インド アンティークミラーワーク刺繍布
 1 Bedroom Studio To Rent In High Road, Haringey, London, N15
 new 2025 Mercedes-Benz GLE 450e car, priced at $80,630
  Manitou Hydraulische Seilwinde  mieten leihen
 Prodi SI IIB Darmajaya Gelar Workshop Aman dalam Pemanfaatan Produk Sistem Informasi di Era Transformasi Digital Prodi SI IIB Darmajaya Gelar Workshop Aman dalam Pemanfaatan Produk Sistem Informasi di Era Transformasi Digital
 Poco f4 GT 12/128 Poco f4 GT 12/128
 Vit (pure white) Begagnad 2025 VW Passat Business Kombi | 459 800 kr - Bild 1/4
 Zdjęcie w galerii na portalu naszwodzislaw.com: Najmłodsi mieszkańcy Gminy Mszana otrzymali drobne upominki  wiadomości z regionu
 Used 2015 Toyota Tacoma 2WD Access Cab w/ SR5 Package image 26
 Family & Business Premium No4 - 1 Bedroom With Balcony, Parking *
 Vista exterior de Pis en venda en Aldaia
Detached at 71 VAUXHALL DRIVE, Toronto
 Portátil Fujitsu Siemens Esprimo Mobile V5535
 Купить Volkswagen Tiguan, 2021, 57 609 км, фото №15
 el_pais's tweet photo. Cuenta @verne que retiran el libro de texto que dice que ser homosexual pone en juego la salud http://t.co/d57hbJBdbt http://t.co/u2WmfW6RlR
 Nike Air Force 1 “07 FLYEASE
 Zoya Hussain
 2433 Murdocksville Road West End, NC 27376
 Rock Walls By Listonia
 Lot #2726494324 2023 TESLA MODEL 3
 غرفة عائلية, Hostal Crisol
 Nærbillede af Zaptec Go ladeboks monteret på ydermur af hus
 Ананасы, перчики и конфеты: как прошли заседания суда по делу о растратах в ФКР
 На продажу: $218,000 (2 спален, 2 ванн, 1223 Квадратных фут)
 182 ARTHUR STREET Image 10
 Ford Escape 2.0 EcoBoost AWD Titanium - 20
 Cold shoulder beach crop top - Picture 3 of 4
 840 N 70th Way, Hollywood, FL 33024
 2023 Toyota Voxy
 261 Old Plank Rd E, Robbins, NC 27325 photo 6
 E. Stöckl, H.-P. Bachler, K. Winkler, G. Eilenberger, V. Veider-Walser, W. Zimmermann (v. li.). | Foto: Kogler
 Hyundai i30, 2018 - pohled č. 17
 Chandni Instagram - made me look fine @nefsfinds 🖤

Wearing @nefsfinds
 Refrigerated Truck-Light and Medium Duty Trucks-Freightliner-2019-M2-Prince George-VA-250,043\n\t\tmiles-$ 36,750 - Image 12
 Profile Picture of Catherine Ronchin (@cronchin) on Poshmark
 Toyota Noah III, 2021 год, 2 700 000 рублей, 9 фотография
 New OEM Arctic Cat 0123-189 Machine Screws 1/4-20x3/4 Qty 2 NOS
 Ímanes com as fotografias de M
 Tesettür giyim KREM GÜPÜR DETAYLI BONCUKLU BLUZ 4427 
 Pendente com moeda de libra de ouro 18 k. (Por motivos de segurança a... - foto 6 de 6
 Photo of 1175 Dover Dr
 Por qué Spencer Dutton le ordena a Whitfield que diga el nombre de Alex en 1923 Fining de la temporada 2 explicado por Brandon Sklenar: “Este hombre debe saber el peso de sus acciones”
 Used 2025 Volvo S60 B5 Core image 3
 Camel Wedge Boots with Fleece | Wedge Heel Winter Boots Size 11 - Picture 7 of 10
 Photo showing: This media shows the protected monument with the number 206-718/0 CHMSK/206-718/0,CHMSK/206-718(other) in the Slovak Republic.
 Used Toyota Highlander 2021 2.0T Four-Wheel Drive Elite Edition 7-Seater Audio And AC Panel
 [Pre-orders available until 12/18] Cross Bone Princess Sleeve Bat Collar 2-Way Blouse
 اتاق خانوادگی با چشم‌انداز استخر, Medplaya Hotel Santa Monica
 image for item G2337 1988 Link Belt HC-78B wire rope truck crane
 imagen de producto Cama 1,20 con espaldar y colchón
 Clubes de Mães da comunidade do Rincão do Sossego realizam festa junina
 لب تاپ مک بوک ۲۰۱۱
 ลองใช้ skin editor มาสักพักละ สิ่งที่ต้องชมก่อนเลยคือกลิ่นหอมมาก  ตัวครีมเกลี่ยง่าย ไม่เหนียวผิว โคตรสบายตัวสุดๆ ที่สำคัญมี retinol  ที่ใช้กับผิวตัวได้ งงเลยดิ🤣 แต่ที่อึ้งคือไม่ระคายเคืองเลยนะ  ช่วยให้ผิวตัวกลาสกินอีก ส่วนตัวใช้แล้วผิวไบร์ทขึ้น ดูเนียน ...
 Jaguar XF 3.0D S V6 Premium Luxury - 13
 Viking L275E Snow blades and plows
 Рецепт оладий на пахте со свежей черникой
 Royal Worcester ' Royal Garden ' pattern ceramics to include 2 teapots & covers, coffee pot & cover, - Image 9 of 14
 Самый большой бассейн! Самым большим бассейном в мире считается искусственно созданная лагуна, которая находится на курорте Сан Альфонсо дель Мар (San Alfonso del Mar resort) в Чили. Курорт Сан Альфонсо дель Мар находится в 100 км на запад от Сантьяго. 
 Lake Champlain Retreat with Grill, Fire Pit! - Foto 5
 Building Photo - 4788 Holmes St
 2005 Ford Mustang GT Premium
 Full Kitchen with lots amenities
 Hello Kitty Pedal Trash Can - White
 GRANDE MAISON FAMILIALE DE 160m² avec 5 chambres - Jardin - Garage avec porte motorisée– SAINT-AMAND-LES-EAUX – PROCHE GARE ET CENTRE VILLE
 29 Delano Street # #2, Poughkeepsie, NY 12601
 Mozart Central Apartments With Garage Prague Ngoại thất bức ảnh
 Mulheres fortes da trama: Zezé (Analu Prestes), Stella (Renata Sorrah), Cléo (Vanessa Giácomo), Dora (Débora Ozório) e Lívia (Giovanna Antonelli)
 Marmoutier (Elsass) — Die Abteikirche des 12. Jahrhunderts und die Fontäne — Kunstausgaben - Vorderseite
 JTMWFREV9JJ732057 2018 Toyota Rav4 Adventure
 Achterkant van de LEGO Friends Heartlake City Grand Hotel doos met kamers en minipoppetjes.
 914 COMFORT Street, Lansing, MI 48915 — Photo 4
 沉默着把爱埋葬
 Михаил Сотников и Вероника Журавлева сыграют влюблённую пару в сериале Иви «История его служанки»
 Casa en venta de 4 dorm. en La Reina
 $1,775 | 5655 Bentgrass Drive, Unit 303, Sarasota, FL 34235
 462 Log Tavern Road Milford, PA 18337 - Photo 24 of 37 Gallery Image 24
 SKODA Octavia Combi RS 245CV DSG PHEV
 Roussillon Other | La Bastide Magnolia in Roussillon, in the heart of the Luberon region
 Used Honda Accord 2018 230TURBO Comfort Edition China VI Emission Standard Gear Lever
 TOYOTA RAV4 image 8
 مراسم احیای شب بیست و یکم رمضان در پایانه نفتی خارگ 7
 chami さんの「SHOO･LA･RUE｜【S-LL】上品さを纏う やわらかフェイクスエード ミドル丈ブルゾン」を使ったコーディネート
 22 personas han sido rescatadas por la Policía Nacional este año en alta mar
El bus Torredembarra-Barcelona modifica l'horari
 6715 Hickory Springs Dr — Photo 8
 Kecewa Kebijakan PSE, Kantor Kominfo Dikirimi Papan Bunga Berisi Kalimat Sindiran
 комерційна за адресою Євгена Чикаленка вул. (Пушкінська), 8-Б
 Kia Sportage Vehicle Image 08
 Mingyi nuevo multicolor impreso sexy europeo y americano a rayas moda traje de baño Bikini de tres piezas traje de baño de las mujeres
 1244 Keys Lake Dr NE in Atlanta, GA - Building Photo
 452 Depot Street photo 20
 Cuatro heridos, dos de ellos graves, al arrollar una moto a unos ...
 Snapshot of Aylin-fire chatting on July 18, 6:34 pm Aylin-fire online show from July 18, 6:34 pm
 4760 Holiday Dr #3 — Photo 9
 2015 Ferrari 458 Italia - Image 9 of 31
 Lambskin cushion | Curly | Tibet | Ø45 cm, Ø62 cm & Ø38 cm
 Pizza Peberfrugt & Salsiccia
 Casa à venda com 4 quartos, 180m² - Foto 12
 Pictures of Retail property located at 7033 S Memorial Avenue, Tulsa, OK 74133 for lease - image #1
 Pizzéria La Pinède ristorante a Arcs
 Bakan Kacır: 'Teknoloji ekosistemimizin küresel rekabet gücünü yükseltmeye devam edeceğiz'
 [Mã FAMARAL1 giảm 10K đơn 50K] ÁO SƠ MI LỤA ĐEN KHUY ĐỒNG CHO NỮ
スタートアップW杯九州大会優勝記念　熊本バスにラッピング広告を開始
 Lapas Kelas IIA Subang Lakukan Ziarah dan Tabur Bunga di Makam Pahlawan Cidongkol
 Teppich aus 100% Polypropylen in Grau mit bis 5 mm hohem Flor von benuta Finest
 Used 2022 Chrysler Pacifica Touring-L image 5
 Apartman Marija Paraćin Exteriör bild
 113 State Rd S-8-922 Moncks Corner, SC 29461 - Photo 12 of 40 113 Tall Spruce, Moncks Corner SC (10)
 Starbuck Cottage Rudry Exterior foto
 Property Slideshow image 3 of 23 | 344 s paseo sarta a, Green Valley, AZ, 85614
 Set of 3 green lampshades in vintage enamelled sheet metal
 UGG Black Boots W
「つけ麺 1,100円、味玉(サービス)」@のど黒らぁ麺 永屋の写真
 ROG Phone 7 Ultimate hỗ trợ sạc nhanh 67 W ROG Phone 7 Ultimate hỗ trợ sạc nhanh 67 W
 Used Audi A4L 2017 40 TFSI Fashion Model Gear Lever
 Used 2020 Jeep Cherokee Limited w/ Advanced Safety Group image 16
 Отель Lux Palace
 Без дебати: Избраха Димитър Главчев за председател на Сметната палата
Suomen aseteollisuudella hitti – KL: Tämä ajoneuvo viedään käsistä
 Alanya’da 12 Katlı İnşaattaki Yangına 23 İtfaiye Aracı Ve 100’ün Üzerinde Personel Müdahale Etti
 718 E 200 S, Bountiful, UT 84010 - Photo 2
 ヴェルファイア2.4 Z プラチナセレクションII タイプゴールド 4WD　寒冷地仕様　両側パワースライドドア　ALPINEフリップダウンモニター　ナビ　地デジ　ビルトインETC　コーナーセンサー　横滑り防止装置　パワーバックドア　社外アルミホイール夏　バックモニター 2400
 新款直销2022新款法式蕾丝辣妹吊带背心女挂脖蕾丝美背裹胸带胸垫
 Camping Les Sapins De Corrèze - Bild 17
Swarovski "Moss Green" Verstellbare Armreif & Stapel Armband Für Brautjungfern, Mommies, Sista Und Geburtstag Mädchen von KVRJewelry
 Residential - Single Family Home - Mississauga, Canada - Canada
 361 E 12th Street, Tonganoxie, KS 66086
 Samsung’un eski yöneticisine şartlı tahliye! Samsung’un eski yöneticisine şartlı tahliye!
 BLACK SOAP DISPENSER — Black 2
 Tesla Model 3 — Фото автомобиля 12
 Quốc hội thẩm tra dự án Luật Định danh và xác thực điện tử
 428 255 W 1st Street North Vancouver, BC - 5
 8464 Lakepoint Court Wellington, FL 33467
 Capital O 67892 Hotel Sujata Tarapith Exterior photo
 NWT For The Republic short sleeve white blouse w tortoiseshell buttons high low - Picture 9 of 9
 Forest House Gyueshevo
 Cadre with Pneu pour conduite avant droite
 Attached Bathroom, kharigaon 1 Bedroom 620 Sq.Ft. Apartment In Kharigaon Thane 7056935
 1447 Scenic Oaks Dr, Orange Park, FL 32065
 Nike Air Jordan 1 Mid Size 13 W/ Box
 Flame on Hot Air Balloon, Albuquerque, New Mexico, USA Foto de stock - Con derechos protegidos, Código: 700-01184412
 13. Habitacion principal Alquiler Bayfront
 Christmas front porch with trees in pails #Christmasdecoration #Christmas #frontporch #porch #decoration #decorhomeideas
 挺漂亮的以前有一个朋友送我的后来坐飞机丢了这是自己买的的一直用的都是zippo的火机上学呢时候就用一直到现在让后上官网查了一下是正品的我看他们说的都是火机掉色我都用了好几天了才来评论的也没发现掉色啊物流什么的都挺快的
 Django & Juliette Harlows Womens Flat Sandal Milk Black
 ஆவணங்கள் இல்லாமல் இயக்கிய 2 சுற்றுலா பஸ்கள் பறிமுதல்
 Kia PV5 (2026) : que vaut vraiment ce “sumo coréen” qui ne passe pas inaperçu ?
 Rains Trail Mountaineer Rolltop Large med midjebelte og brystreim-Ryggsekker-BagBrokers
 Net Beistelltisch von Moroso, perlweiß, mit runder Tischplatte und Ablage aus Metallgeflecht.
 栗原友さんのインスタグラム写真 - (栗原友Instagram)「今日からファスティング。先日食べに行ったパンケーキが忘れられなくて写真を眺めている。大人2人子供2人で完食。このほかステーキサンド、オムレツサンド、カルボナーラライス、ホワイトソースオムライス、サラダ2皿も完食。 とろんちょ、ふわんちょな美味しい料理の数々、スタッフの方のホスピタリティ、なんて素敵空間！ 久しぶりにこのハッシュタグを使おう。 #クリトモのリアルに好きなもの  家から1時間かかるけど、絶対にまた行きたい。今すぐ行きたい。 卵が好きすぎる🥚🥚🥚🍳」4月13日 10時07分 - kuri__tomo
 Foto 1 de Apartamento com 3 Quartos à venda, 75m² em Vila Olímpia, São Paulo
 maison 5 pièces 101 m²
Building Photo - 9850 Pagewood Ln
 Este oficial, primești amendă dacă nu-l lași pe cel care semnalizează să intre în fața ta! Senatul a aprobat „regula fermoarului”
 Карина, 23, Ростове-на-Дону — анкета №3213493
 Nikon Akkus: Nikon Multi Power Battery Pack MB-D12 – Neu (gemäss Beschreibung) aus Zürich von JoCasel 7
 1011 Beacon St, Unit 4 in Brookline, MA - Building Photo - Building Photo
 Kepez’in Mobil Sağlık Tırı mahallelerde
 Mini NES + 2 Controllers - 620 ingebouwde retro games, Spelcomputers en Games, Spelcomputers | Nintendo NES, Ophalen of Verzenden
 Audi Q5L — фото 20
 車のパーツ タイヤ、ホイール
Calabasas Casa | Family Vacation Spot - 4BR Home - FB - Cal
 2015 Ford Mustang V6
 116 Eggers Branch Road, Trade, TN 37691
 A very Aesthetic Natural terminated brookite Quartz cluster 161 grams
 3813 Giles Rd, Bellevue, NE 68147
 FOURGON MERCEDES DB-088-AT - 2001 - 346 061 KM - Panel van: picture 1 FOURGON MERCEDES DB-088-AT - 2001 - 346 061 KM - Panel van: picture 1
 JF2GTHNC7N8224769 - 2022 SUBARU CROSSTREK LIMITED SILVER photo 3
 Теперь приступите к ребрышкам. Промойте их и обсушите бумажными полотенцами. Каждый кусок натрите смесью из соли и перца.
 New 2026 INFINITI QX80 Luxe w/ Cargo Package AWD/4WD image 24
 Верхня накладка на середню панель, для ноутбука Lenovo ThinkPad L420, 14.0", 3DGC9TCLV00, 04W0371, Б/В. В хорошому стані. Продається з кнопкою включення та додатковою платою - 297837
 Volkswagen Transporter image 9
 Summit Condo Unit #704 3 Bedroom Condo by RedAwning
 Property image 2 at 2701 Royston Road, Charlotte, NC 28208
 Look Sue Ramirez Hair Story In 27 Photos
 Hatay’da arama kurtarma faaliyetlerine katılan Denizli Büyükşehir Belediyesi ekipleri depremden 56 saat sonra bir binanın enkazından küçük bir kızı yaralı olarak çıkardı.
========
WHAT TO WORK ON: Would you print exactly and only the lines of the material above that run from the line with "[Pre-orders available until" through the line with "Sarasota, FL 34235", both included?

ANSWER SECTION:
 [Pre-orders available until 12/18] Cross Bone Princess Sleeve Bat Collar 2-Way Blouse
 اتاق خانوادگی با چشم‌انداز استخر, Medplaya Hotel Santa Monica
 image for item G2337 1988 Link Belt HC-78B wire rope truck crane
 imagen de producto Cama 1,20 con espaldar y colchón
 Clubes de Mães da comunidade do Rincão do Sossego realizam festa junina
 لب تاپ مک بوک ۲۰۱۱
 ลองใช้ skin editor มาสักพักละ สิ่งที่ต้องชมก่อนเลยคือกลิ่นหอมมาก  ตัวครีมเกลี่ยง่าย ไม่เหนียวผิว โคตรสบายตัวสุดๆ ที่สำคัญมี retinol  ที่ใช้กับผิวตัวได้ งงเลยดิ🤣 แต่ที่อึ้งคือไม่ระคายเคืองเลยนะ  ช่วยให้ผิวตัวกลาสกินอีก ส่วนตัวใช้แล้วผิวไบร์ทขึ้น ดูเนียน ...
 Jaguar XF 3.0D S V6 Premium Luxury - 13
 Viking L275E Snow blades and plows
 Рецепт оладий на пахте со свежей черникой
 Royal Worcester ' Royal Garden ' pattern ceramics to include 2 teapots & covers, coffee pot & cover, - Image 9 of 14
 Самый большой бассейн! Самым большим бассейном в мире считается искусственно созданная лагуна, которая находится на курорте Сан Альфонсо дель Мар (San Alfonso del Mar resort) в Чили. Курорт Сан Альфонсо дель Мар находится в 100 км на запад от Сантьяго. 
 Lake Champlain Retreat with Grill, Fire Pit! - Foto 5
 Building Photo - 4788 Holmes St
 2005 Ford Mustang GT Premium
 Full Kitchen with lots amenities
 Hello Kitty Pedal Trash Can - White
 GRANDE MAISON FAMILIALE DE 160m² avec 5 chambres - Jardin - Garage avec porte motorisée– SAINT-AMAND-LES-EAUX – PROCHE GARE ET CENTRE VILLE
 29 Delano Street # #2, Poughkeepsie, NY 12601
 Mozart Central Apartments With Garage Prague Ngoại thất bức ảnh
 Mulheres fortes da trama: Zezé (Analu Prestes), Stella (Renata Sorrah), Cléo (Vanessa Giácomo), Dora (Débora Ozório) e Lívia (Giovanna Antonelli)
 Marmoutier (Elsass) — Die Abteikirche des 12. Jahrhunderts und die Fontäne — Kunstausgaben - Vorderseite
 JTMWFREV9JJ732057 2018 Toyota Rav4 Adventure
 Achterkant van de LEGO Friends Heartlake City Grand Hotel doos met kamers en minipoppetjes.
 914 COMFORT Street, Lansing, MI 48915 — Photo 4
 沉默着把爱埋葬
 Михаил Сотников и Вероника Журавлева сыграют влюблённую пару в сериале Иви «История его служанки»
 Casa en venta de 4 dorm. en La Reina
 $1,775 | 5655 Bentgrass Drive, Unit 303, Sarasota, FL 34235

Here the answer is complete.